Mein Budget ist eher knapp, ich will nich so viel geld ausgeben, also so max 250€, weniger wäre besser also cool wären so um 150. 
Ich möchte auf alle fälle nen aktiv sub!
was haltet ihr vom Teufel Concept E100, kann ich das auch an den reciever anschließen?

Danke für eure Hilfe


----------



## painschkes (26. April 2010)

_Muss es denn unbedingt 5.1 sein? Grad für 15-20m² wäre das fast übertrieben..(vom dem Teufel-Mist mal abgesehen..)

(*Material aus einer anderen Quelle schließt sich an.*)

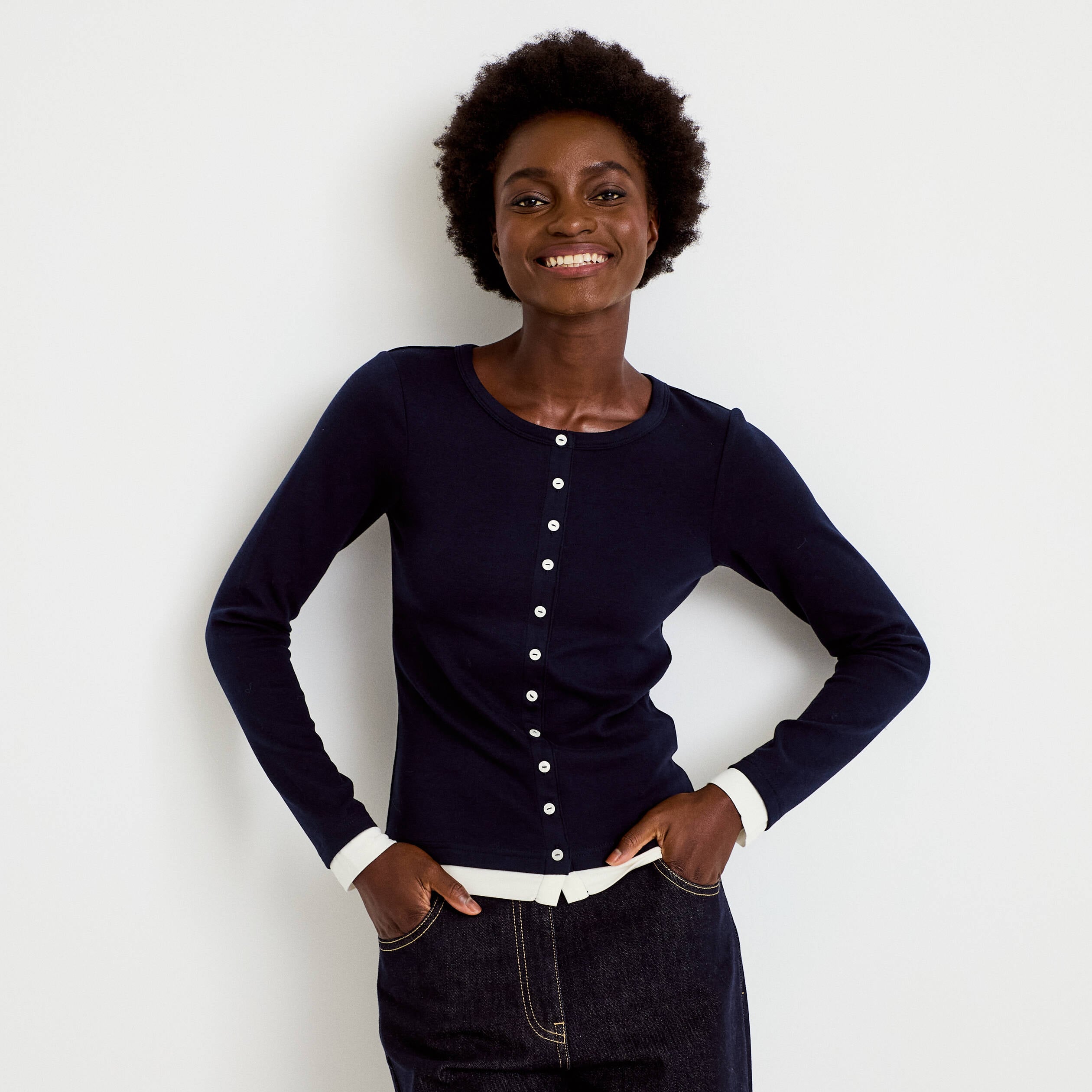 Doudou col rond manches longues bleu marine femme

Ich würd dir ja eher ein paar schicke Heco Victa (zB.) ans Herz legen.._


----------



## Knallfix (27. April 2010)

painschkes schrieb:


> _Muss es denn unbedingt 5.1 sein? Grad für 15-20m² wäre das fast übertrieben..(vom dem Teufel-Mist mal abgesehen..)
> 
> Ich würd dir ja eher ein paar schicke Heco Victa (zB.) ans Herz legen.._



schick sind sie nicht, die verarbeitung der folie ist stellenweise unter aller sau.
aber spielen tun sie für das geld echt gut 


			Dieser Inhalt steht nur eingeloggten Mitgliedern zur Verfügung.
        



Das Concept E100 taugt wirklich nur für den PC. Für größere Abstände sind die LS zu schwach.

Gebraucht bei Ebay wäre ne möglichkeit, die hier zb solltest du günstig bekommen:
http://cgi.ebay.de/HECO-Vogue-5-1-Dolby-Surround-Heimkino-Lautsprecher-/150436415573?cmd=ViewItem&pt=DE_Lautsprecher_Martin&hash=item2306b58855
Bin mit dem gleichen System damals ins 5.1 eingestiegen. Die machen wirklich ordentlich Radau.

knall


----------



## Wolfmania (27. April 2010)

Hi, in dem Preissegment würde ich wohl zu einem kleinen Canton-Movie Set tendieren, die sind schon ganz nett. Persönlich habe ich Nubert-Boxen, doch unter 100,- pro Box tut sich da nix.


----------